*Work instruction*
Beginning with the opening line, restate the following material exactly, up through the line that contains "Operativo en centro".

★ ★ ★ ★

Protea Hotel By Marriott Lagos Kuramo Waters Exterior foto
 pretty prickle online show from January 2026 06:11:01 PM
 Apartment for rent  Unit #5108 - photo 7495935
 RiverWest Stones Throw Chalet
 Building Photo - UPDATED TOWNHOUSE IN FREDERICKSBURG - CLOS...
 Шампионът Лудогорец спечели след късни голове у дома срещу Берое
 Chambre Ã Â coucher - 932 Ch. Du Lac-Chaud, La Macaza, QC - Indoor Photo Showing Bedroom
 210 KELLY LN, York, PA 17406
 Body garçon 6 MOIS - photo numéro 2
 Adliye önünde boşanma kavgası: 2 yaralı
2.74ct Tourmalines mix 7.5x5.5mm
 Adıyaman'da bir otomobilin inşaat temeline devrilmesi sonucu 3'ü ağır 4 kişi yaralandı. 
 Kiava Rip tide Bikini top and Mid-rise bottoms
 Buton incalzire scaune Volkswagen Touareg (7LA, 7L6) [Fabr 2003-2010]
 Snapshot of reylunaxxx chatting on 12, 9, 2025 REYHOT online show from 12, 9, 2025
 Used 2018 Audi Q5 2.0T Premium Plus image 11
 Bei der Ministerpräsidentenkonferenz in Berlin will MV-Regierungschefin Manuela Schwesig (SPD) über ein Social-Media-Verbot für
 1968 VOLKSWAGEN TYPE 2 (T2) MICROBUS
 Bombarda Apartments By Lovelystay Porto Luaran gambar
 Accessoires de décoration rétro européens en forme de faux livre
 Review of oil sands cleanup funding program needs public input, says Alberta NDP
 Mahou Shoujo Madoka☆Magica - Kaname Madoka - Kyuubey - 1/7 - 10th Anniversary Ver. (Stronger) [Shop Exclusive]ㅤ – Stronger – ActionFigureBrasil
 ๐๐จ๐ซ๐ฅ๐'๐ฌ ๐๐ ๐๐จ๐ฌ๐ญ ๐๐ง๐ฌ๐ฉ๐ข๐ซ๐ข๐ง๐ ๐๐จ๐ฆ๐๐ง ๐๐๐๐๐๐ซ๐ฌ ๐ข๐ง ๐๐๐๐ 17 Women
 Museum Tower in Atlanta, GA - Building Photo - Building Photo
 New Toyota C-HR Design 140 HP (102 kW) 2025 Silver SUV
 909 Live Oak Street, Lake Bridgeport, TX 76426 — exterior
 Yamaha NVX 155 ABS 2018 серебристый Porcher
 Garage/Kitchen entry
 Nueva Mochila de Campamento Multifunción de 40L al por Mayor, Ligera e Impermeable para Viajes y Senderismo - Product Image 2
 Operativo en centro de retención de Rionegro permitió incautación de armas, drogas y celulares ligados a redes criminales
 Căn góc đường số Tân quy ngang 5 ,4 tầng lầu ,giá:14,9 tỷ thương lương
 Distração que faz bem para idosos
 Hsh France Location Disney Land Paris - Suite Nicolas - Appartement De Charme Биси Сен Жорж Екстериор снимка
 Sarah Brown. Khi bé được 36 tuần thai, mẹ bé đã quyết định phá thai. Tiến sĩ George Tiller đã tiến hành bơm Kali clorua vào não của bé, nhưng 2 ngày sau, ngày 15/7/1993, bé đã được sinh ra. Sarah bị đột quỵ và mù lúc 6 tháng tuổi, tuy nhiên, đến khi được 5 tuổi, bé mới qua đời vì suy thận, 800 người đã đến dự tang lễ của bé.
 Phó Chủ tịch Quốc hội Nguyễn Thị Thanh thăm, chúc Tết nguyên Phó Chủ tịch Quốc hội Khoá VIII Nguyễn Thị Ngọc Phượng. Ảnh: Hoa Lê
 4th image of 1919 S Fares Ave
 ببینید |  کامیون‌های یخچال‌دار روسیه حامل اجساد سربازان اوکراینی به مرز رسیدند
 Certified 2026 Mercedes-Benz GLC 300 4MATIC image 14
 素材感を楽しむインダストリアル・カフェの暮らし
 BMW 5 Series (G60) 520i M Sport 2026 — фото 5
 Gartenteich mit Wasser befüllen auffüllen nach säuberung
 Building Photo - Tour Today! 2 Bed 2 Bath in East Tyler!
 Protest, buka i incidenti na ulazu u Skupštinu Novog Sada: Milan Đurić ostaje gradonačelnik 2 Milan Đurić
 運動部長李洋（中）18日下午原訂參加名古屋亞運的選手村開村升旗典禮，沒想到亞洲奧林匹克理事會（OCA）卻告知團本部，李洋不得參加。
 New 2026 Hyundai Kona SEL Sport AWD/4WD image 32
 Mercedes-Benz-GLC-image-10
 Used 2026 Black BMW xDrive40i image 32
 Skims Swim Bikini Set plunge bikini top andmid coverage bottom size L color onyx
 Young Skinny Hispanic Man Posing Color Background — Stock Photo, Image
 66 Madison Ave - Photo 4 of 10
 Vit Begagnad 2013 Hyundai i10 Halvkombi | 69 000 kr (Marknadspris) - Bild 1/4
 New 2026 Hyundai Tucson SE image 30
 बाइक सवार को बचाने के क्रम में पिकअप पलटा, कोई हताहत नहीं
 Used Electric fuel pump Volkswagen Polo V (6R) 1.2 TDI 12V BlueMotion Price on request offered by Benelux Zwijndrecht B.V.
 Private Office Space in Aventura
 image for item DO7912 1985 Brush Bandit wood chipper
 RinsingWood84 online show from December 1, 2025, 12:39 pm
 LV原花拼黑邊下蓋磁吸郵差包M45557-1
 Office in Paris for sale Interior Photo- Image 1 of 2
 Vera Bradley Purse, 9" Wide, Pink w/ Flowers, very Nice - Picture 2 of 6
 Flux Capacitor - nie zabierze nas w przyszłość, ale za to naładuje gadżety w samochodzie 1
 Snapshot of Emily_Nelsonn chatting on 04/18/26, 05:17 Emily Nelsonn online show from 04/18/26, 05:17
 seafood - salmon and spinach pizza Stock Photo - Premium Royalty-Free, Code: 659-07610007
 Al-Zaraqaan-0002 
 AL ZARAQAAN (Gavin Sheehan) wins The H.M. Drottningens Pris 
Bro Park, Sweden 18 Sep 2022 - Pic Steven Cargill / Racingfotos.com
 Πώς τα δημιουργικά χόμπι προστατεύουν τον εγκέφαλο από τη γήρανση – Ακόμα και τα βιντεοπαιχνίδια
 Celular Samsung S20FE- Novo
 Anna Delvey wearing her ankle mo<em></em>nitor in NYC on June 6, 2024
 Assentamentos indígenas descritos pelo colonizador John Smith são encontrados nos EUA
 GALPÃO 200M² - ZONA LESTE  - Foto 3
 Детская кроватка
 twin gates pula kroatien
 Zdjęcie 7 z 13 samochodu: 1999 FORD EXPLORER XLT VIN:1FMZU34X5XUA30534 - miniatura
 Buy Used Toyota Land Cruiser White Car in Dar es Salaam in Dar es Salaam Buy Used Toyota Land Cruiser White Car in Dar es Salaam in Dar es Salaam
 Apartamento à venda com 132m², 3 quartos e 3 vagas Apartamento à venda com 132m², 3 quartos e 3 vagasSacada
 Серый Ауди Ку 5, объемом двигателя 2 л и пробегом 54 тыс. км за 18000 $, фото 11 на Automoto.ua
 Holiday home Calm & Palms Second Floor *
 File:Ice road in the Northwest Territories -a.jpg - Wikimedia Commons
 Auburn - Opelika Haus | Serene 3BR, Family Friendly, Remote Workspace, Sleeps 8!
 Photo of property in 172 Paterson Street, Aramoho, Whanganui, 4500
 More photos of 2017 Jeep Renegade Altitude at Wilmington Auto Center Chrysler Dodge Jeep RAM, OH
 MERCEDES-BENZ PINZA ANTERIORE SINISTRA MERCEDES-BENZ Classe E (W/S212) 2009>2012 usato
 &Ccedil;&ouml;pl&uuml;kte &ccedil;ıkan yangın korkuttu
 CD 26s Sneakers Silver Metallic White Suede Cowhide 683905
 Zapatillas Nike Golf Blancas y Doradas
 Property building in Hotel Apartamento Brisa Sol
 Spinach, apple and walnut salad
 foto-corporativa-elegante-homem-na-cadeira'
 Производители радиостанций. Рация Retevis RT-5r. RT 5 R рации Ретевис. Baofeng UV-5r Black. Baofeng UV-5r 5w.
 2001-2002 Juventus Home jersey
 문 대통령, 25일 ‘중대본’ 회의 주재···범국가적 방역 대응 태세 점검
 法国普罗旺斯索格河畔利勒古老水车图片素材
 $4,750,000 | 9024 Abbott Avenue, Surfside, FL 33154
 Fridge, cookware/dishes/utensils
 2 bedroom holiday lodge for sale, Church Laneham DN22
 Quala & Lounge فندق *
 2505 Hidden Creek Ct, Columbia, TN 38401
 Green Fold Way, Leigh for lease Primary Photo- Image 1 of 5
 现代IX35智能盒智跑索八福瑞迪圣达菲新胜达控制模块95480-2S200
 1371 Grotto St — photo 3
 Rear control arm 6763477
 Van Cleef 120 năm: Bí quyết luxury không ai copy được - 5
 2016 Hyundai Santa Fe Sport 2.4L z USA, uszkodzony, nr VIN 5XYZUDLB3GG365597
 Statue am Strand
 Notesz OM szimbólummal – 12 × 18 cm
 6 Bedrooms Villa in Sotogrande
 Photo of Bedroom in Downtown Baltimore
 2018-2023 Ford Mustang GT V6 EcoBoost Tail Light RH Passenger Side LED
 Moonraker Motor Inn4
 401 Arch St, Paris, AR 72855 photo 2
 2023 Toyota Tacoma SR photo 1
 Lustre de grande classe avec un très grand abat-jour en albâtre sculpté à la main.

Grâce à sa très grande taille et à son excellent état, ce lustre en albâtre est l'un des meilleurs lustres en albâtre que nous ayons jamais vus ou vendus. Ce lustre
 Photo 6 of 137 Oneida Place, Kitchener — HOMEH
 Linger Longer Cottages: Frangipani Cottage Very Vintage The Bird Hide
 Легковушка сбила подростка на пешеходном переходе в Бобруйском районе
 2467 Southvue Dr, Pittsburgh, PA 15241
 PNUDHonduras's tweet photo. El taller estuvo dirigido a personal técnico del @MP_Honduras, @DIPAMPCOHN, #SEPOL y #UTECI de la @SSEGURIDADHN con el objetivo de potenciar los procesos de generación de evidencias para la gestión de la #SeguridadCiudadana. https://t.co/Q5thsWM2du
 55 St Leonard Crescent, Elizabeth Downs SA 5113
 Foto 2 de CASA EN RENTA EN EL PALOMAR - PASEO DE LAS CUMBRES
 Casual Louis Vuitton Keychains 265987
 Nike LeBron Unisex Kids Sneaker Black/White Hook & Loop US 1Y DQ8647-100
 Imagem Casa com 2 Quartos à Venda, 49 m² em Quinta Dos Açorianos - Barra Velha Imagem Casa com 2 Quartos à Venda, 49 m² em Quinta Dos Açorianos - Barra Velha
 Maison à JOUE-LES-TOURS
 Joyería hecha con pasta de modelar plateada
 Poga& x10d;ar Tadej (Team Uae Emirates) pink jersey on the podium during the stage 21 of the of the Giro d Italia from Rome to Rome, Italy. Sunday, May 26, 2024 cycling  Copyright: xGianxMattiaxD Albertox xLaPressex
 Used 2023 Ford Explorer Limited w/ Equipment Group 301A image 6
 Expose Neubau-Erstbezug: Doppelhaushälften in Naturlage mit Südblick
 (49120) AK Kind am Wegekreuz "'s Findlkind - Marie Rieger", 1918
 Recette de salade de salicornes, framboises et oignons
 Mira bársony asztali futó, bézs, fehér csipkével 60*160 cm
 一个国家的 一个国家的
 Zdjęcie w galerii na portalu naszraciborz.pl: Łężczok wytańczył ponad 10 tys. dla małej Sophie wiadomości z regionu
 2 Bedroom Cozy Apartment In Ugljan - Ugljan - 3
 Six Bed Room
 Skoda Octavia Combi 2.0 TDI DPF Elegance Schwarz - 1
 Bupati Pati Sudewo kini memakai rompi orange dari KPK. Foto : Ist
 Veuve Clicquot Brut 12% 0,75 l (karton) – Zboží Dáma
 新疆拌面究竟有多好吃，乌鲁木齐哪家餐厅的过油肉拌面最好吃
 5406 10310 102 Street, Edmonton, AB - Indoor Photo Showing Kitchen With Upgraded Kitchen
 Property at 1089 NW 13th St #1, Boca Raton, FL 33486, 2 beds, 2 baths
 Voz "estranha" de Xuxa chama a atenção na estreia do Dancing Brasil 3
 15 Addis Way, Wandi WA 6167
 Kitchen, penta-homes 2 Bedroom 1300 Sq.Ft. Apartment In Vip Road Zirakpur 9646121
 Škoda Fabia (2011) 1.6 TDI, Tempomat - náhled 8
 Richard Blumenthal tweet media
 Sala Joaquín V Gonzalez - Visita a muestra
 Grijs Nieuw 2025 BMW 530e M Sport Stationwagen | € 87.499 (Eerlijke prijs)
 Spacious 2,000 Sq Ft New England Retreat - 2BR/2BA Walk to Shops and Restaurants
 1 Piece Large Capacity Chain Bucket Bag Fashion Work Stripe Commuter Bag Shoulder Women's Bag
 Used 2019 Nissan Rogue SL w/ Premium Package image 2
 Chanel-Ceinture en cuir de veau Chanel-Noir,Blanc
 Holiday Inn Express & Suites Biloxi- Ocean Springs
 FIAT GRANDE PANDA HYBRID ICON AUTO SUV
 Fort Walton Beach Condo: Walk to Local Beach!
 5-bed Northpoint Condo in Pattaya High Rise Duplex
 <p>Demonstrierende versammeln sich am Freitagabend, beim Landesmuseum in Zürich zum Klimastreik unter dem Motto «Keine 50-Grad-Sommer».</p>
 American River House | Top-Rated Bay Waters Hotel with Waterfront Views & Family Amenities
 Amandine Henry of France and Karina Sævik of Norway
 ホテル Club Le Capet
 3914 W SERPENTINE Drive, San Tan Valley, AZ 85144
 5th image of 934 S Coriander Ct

★ ★ ★ ★

*Exercise result*
Protea Hotel By Marriott Lagos Kuramo Waters Exterior foto
 pretty prickle online show from January 2026 06:11:01 PM
 Apartment for rent  Unit #5108 - photo 7495935
 RiverWest Stones Throw Chalet
 Building Photo - UPDATED TOWNHOUSE IN FREDERICKSBURG - CLOS...
 Шампионът Лудогорец спечели след късни голове у дома срещу Берое
 Chambre Ã Â coucher - 932 Ch. Du Lac-Chaud, La Macaza, QC - Indoor Photo Showing Bedroom
 210 KELLY LN, York, PA 17406
 Body garçon 6 MOIS - photo numéro 2
 Adliye önünde boşanma kavgası: 2 yaralı
2.74ct Tourmalines mix 7.5x5.5mm
 Adıyaman'da bir otomobilin inşaat temeline devrilmesi sonucu 3'ü ağır 4 kişi yaralandı. 
 Kiava Rip tide Bikini top and Mid-rise bottoms
 Buton incalzire scaune Volkswagen Touareg (7LA, 7L6) [Fabr 2003-2010]
 Snapshot of reylunaxxx chatting on 12, 9, 2025 REYHOT online show from 12, 9, 2025
 Used 2018 Audi Q5 2.0T Premium Plus image 11
 Bei der Ministerpräsidentenkonferenz in Berlin will MV-Regierungschefin Manuela Schwesig (SPD) über ein Social-Media-Verbot für
 1968 VOLKSWAGEN TYPE 2 (T2) MICROBUS
 Bombarda Apartments By Lovelystay Porto Luaran gambar
 Accessoires de décoration rétro européens en forme de faux livre
 Review of oil sands cleanup funding program needs public input, says Alberta NDP
 Mahou Shoujo Madoka☆Magica - Kaname Madoka - Kyuubey - 1/7 - 10th Anniversary Ver. (Stronger) [Shop Exclusive]ㅤ – Stronger – ActionFigureBrasil
 ๐๐จ๐ซ๐ฅ๐'๐ฌ ๐๐ ๐๐จ๐ฌ๐ญ ๐๐ง๐ฌ๐ฉ๐ข๐ซ๐ข๐ง๐ ๐๐จ๐ฆ๐๐ง ๐๐๐๐๐๐ซ๐ฌ ๐ข๐ง ๐๐๐๐ 17 Women
 Museum Tower in Atlanta, GA - Building Photo - Building Photo
 New Toyota C-HR Design 140 HP (102 kW) 2025 Silver SUV
 909 Live Oak Street, Lake Bridgeport, TX 76426 — exterior
 Yamaha NVX 155 ABS 2018 серебристый Porcher
 Garage/Kitchen entry
 Nueva Mochila de Campamento Multifunción de 40L al por Mayor, Ligera e Impermeable para Viajes y Senderismo - Product Image 2
 Operativo en centro de retención de Rionegro permitió incautación de armas, drogas y celulares ligados a redes criminales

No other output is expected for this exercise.